● **Data extracts**
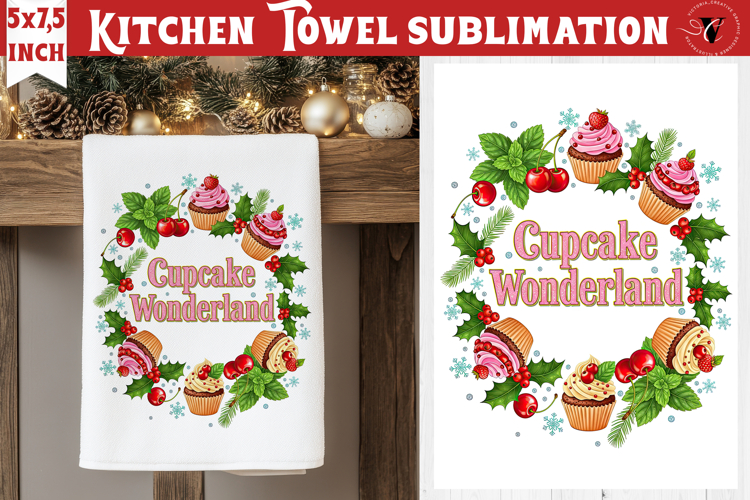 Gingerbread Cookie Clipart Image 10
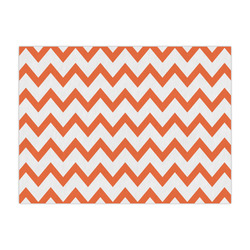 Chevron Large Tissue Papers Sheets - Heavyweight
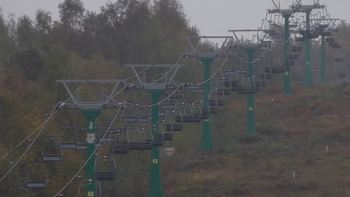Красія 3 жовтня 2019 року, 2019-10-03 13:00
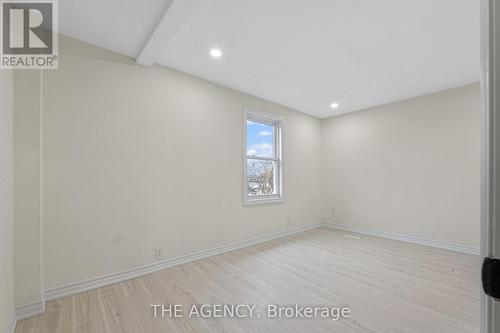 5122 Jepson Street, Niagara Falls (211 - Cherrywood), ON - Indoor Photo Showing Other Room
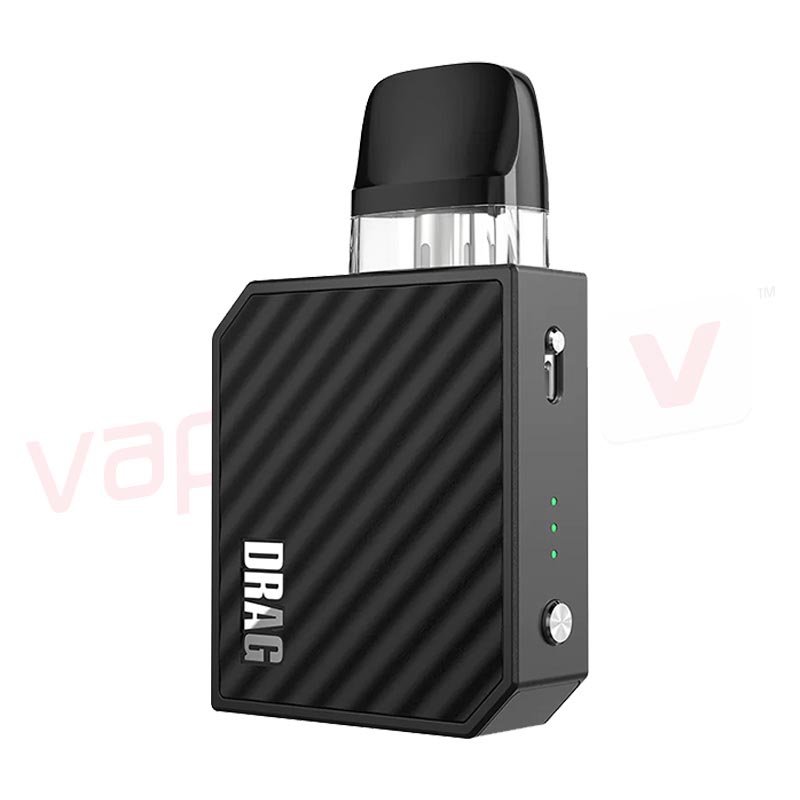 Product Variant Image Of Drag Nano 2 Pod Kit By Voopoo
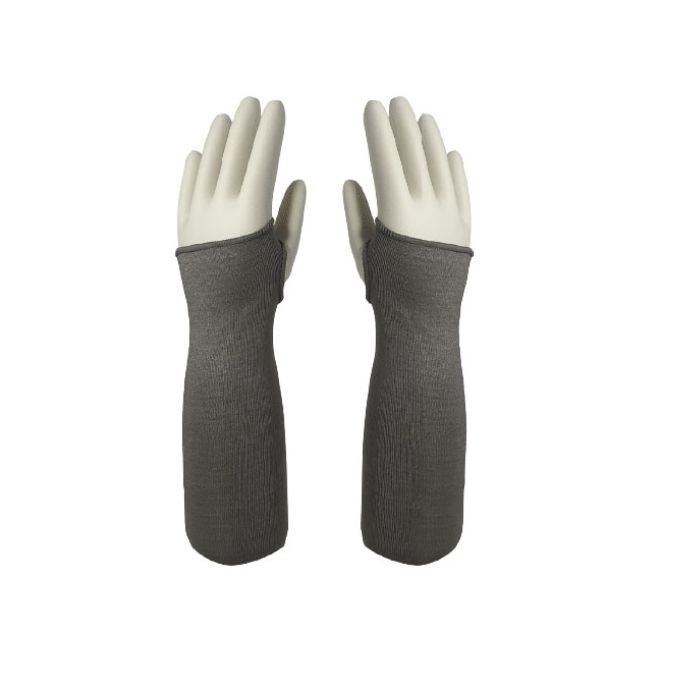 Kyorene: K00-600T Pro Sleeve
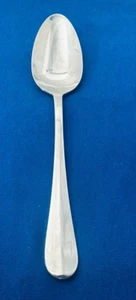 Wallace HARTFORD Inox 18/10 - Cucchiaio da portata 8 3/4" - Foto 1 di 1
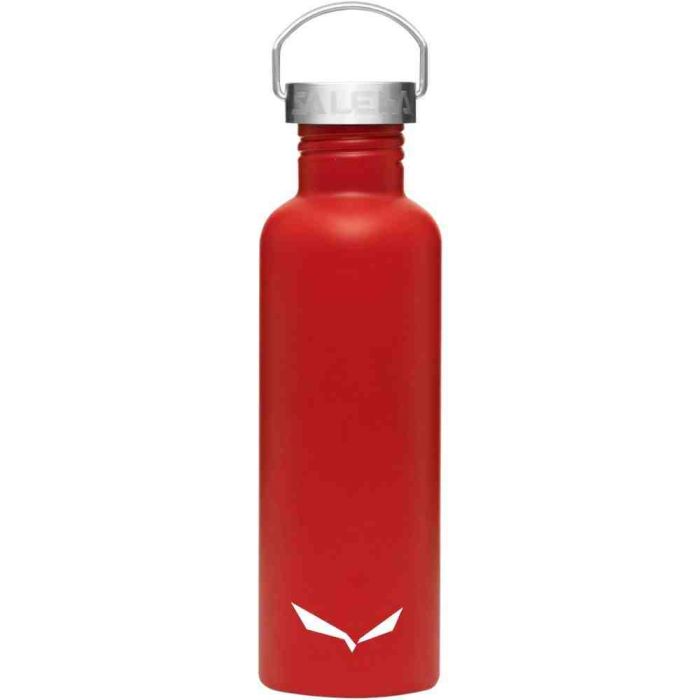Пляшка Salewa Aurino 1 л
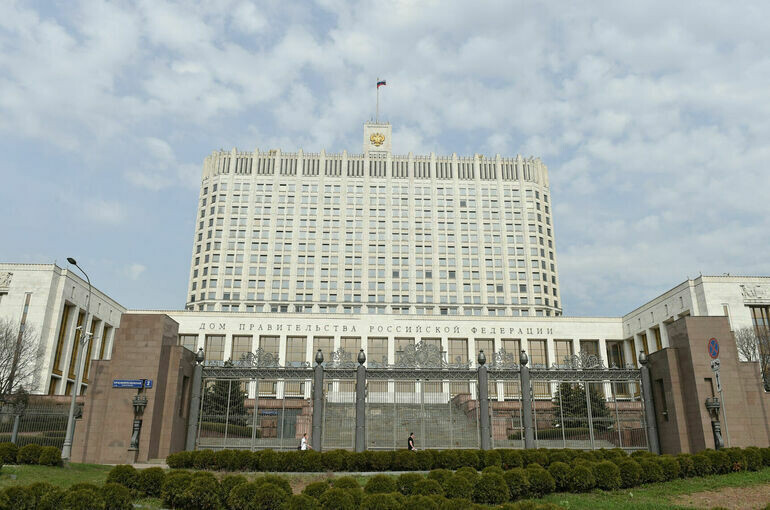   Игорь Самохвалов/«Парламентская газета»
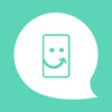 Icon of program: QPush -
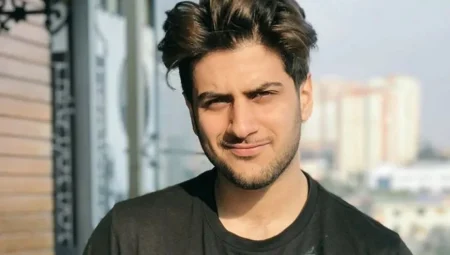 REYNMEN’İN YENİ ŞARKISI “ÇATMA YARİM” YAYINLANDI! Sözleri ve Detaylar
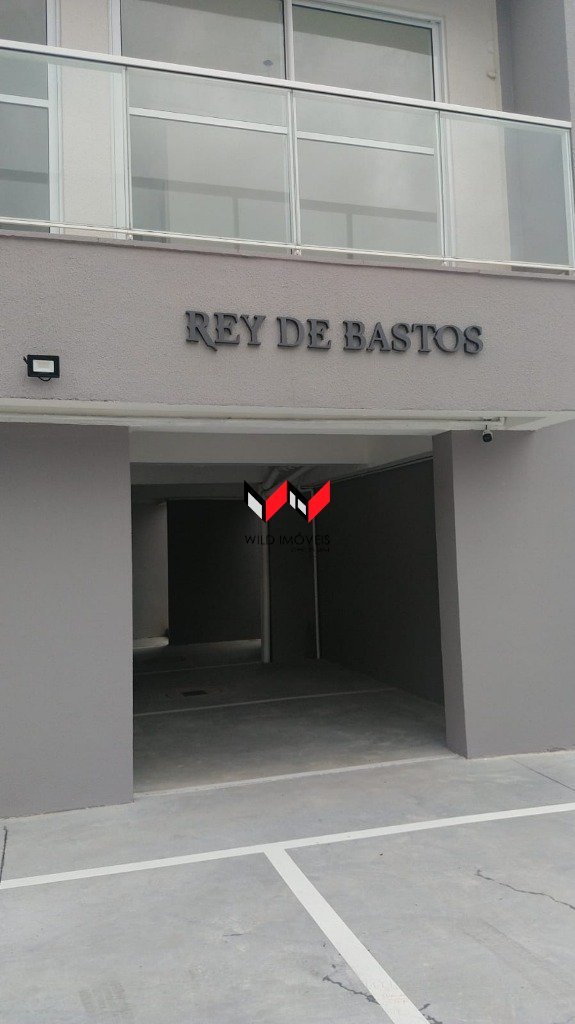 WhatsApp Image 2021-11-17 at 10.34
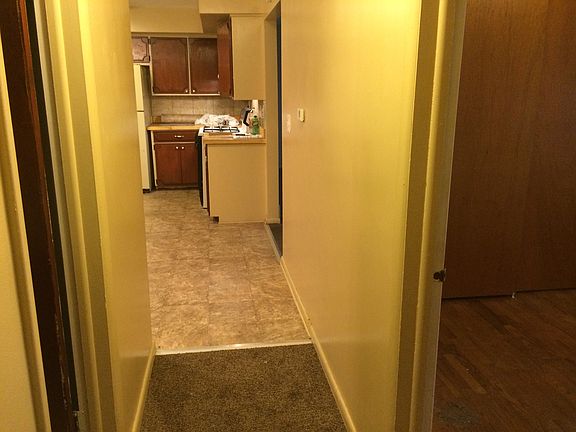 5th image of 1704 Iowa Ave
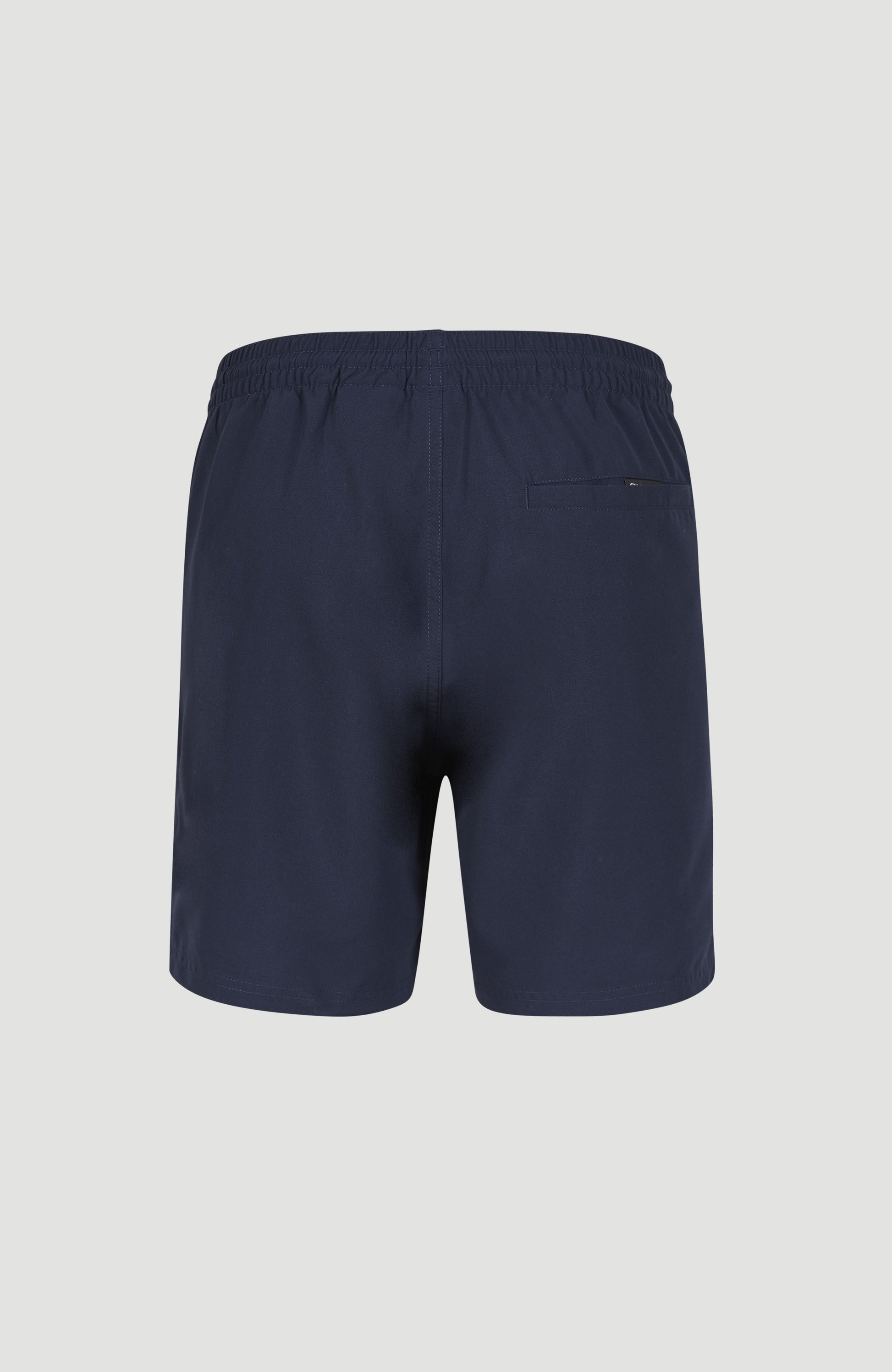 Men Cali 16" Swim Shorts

● **Work order**
Print nothing except the lines from the one with "Chevron Large Tissue" through the last line of the listing, exactly as written and with pictures removed.

● **Reply to the task**
 Chevron Large Tissue Papers Sheets - Heavyweight
Красія 3 жовтня 2019 року, 2019-10-03 13:00
 5122 Jepson Street, Niagara Falls (211 - Cherrywood), ON - Indoor Photo Showing Other Room
 Product Variant Image Of Drag Nano 2 Pod Kit By Voopoo
 Kyorene: K00-600T Pro Sleeve
 Wallace HARTFORD Inox 18/10 - Cucchiaio da portata 8 3/4" - Foto 1 di 1
Пляшка Salewa Aurino 1 л
   Игорь Самохвалов/«Парламентская газета»
 Icon of program: QPush -
 REYNMEN’İN YENİ ŞARKISI “ÇATMA YARİM” YAYINLANDI! Sözleri ve Detaylar
 WhatsApp Image 2021-11-17 at 10.34
 5th image of 1704 Iowa Ave
 Men Cali 16" Swim Shorts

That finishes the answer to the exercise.